DATA UNDER STUDY -
Segment Open

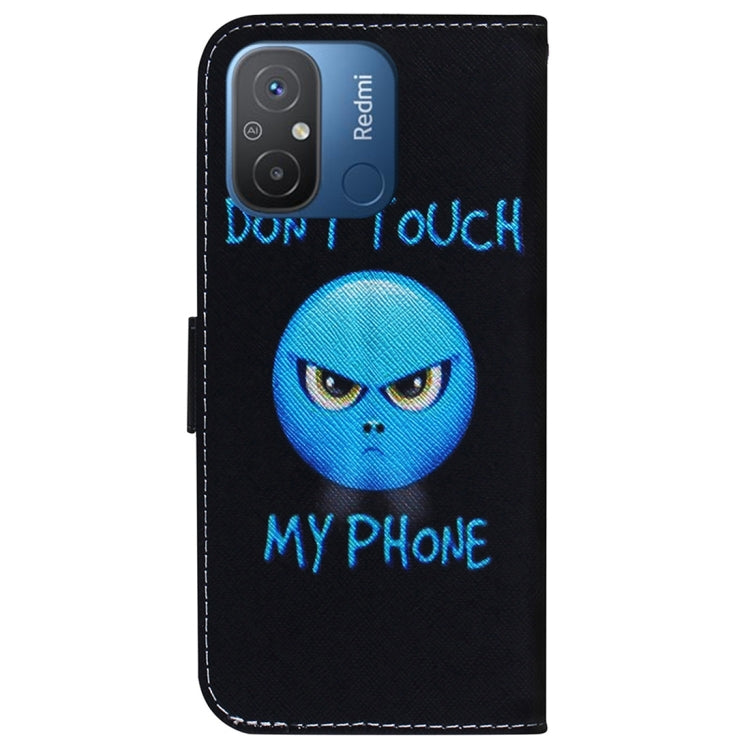 For Xiaomi Redmi 12C / 11A Coloured Drawing Flip Leather Phone Case(Anger) - Xiaomi Cases by PMC Jewellery | Online Shopping South Africa | PMC Jewellery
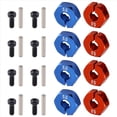 thumbnail image 3 of 4 Pcs Aluminum 5mm Thickness Wheel Hex 12mm Drive Hub with Pins Screws for RC Car Crawler Trucks Slash, 3 of 8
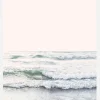 Blush Ocean Canvastavla (30x40 cm)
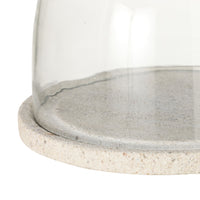 Beige Marble And Glass Cheese Dome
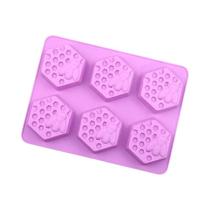 Molde De Sabão Em Silicone Com 6 Cavidades Para Sabão Artesanal, Bastão De Loção, Cera Derretida E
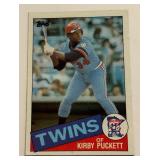 Kirby Puckett RC 1985 Topps #536 Vintage Rookie Minnesota Twins Baseball Card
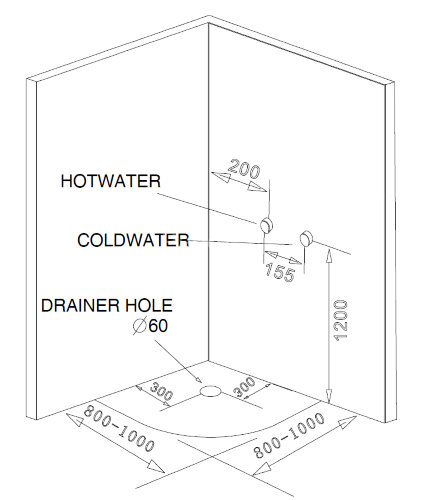 Душевая кабина Loranto CS-6690 G, 90х90х215, поддон 40 см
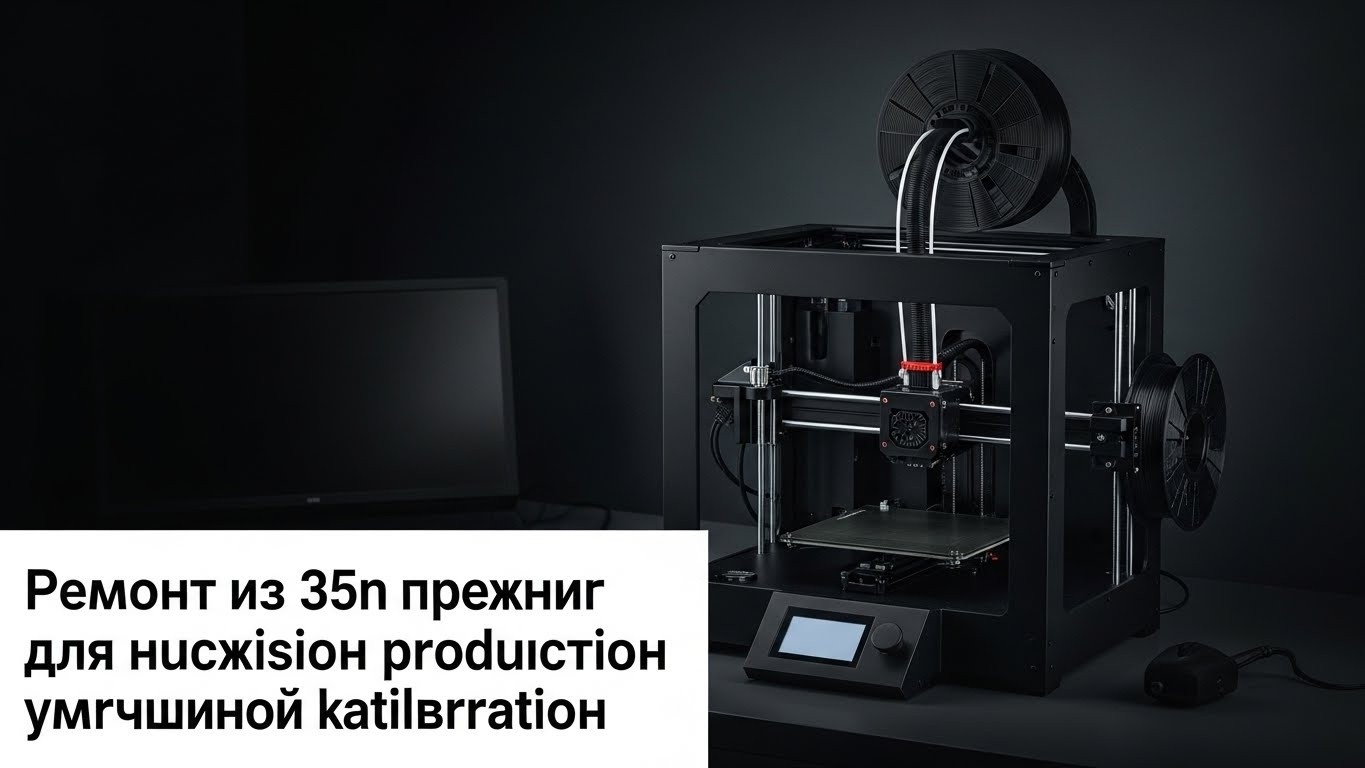 Ремонт 3d принтеров для высокоточных производств с улучшением калибровки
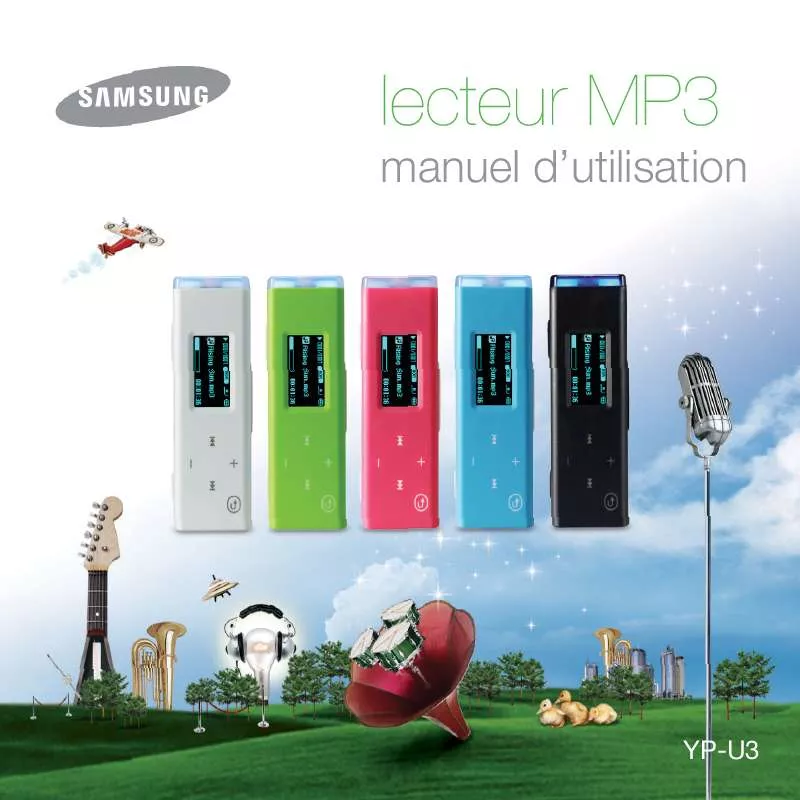 Mode d'emploi SAMSUNG U3 1GB GREEN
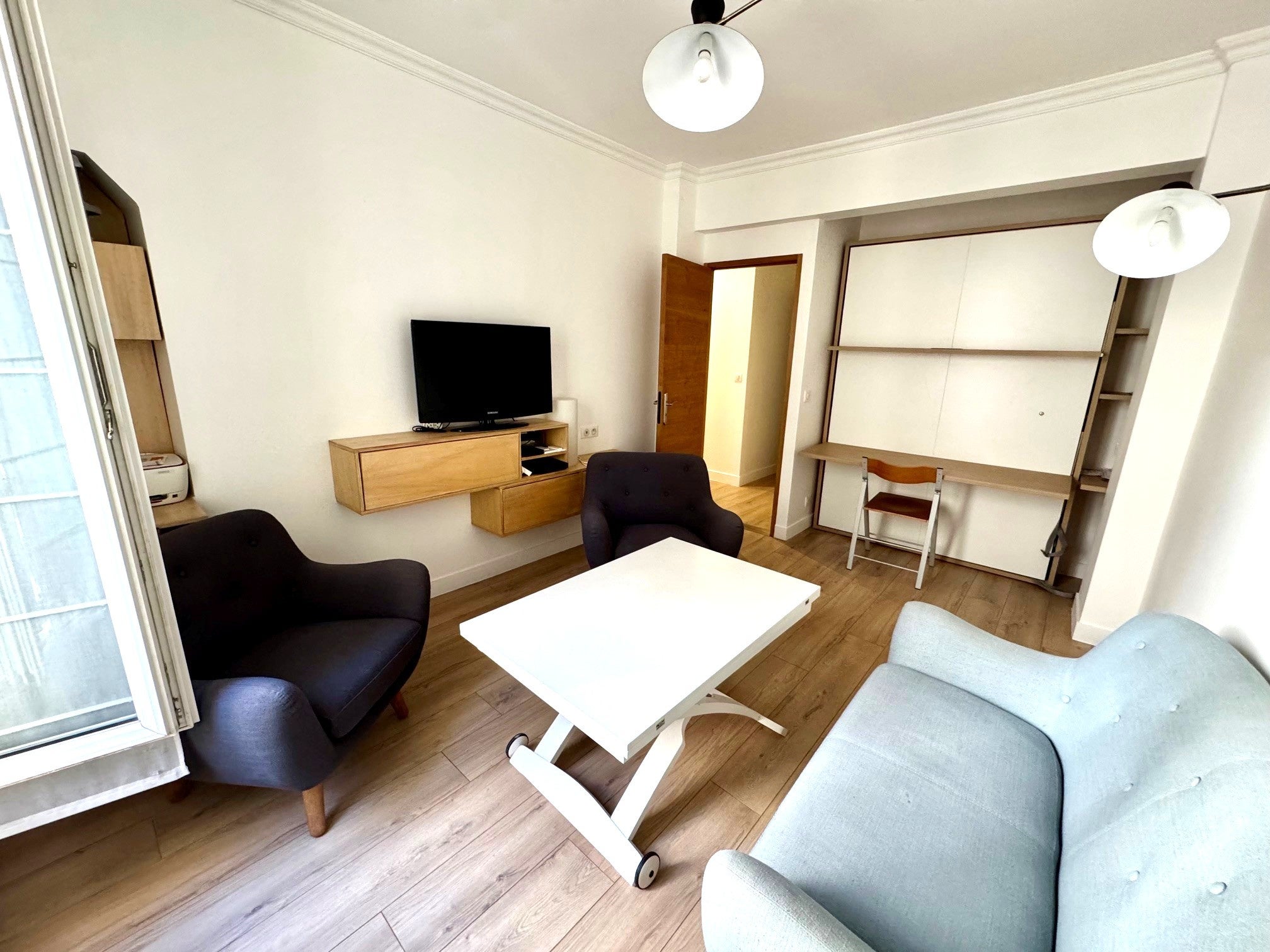 Flat Boulevard de Courcelles in Paris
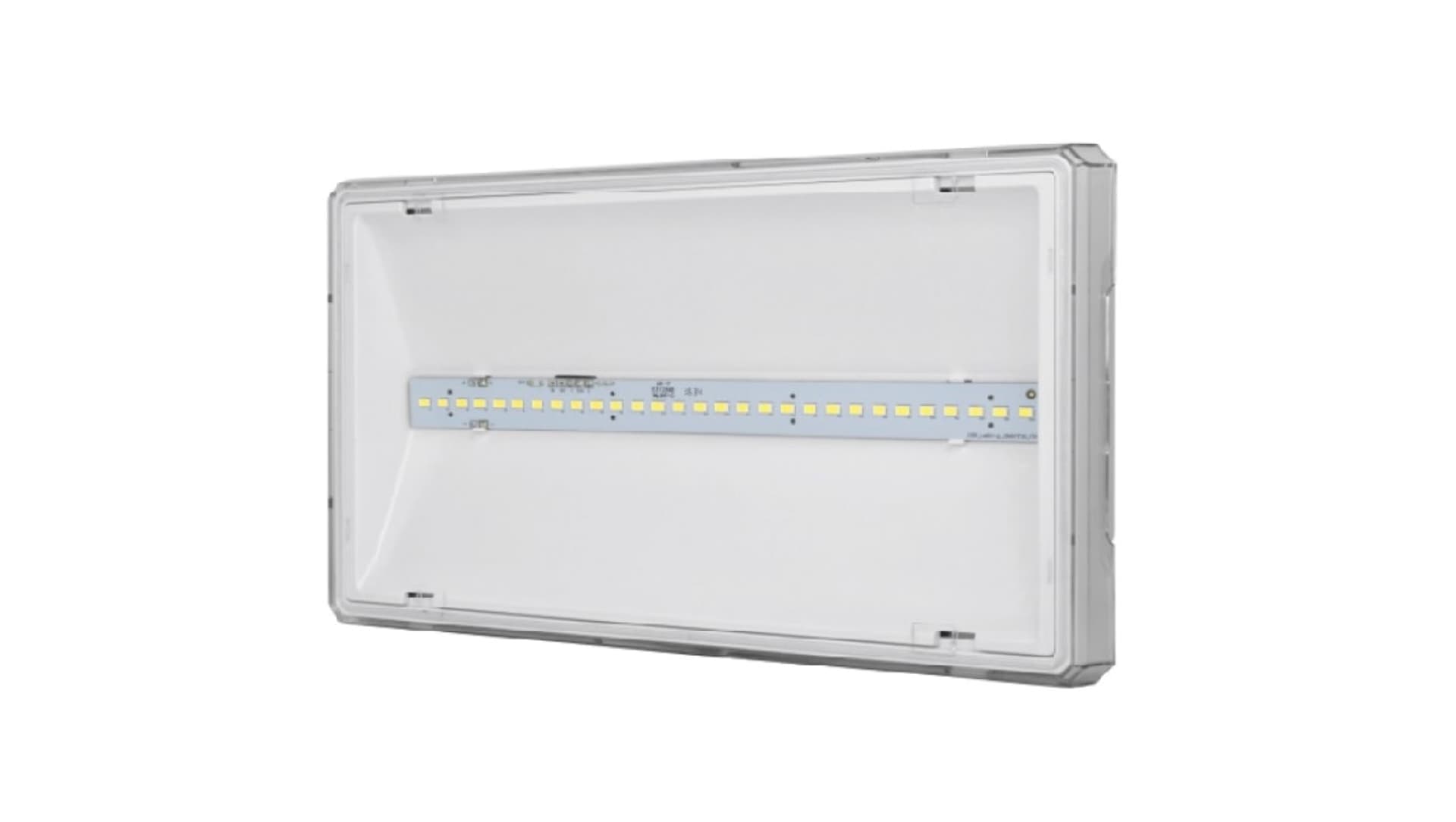 

Oprawa awaryjna EXIT L IP65 LED 6W 850lm 1h jednozadaniowa PT biała ETL/6W/B/1/SE/PT/WH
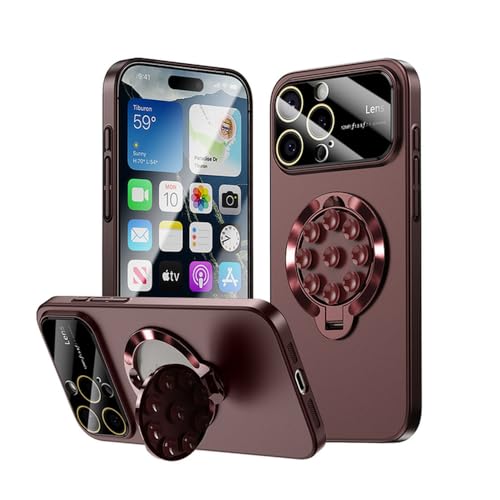 Coque iPhone 12 Pro Max avec ventouse et support magnétique pour éviter les chutes du téléphone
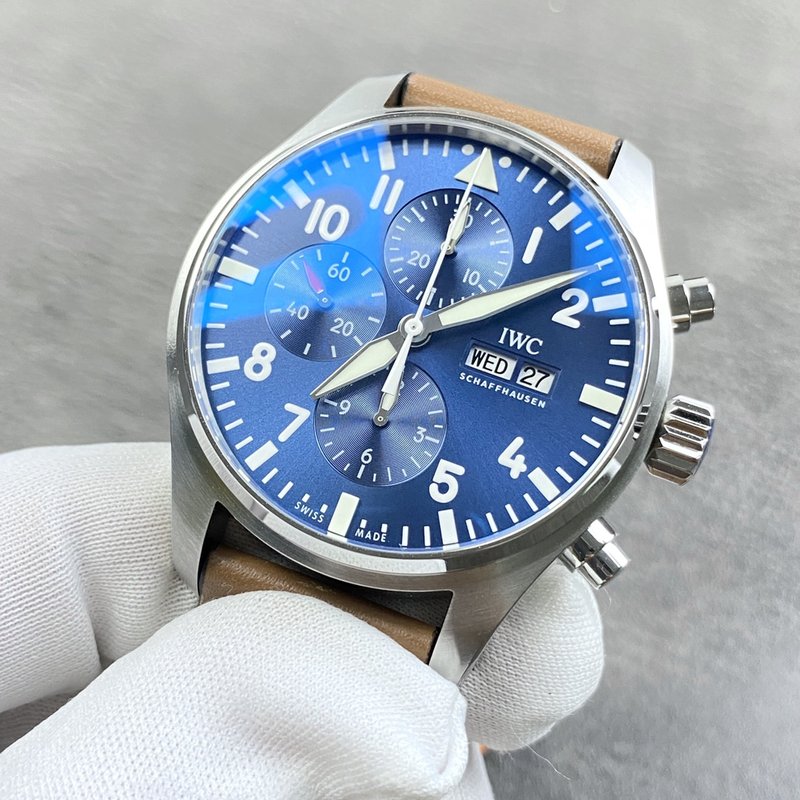 IWC 파일럿 시리즈 리틀 프린스 블루 다이얼 시계 001-251301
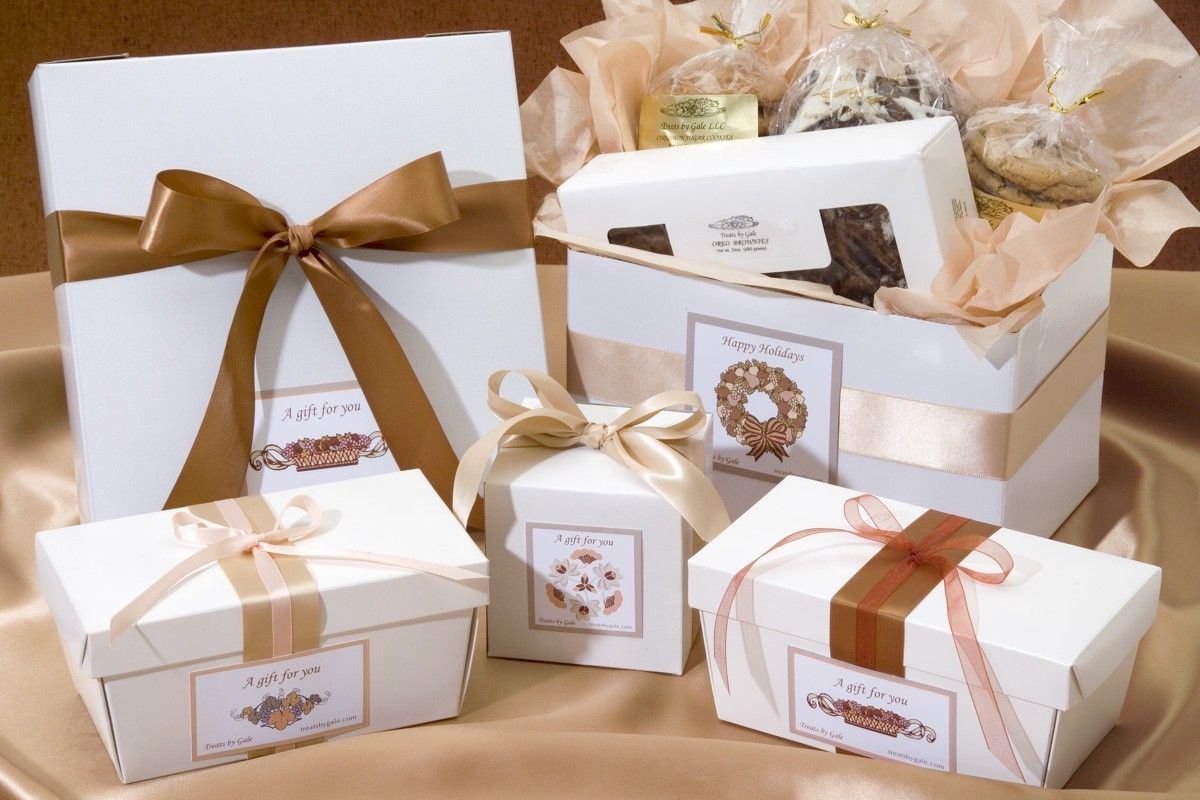 Коробка крафт подарочная самосборная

Segment Closed

WORK ITEM - The complete listing must be transcribed verbatim, and all pictures are to be omitted.

OUTPUT FOR THIS TASK -
 For Xiaomi Redmi 12C / 11A Coloured Drawing Flip Leather Phone Case(Anger) - Xiaomi Cases by PMC Jewellery | Online Shopping South Africa | PMC Jewellery
 thumbnail image 3 of 4 Pcs Aluminum 5mm Thickness Wheel Hex 12mm Drive Hub with Pins Screws for RC Car Crawler Trucks Slash, 3 of 8
 Blush Ocean Canvastavla (30x40 cm)
 Beige Marble And Glass Cheese Dome
 Molde De Sabão Em Silicone Com 6 Cavidades Para Sabão Artesanal, Bastão De Loção, Cera Derretida E
 Kirby Puckett RC 1985 Topps #536 Vintage Rookie Minnesota Twins Baseball Card
 Душевая кабина Loranto CS-6690 G, 90х90х215, поддон 40 см
 Ремонт 3d принтеров для высокоточных производств с улучшением калибровки
 Mode d'emploi SAMSUNG U3 1GB GREEN
 Flat Boulevard de Courcelles in Paris

Oprawa awaryjna EXIT L IP65 LED 6W 850lm 1h jednozadaniowa PT biała ETL/6W/B/1/SE/PT/WH
 Coque iPhone 12 Pro Max avec ventouse et support magnétique pour éviter les chutes du téléphone
 IWC 파일럿 시리즈 리틀 프린스 블루 다이얼 시계 001-251301
 Коробка крафт подарочная самосборная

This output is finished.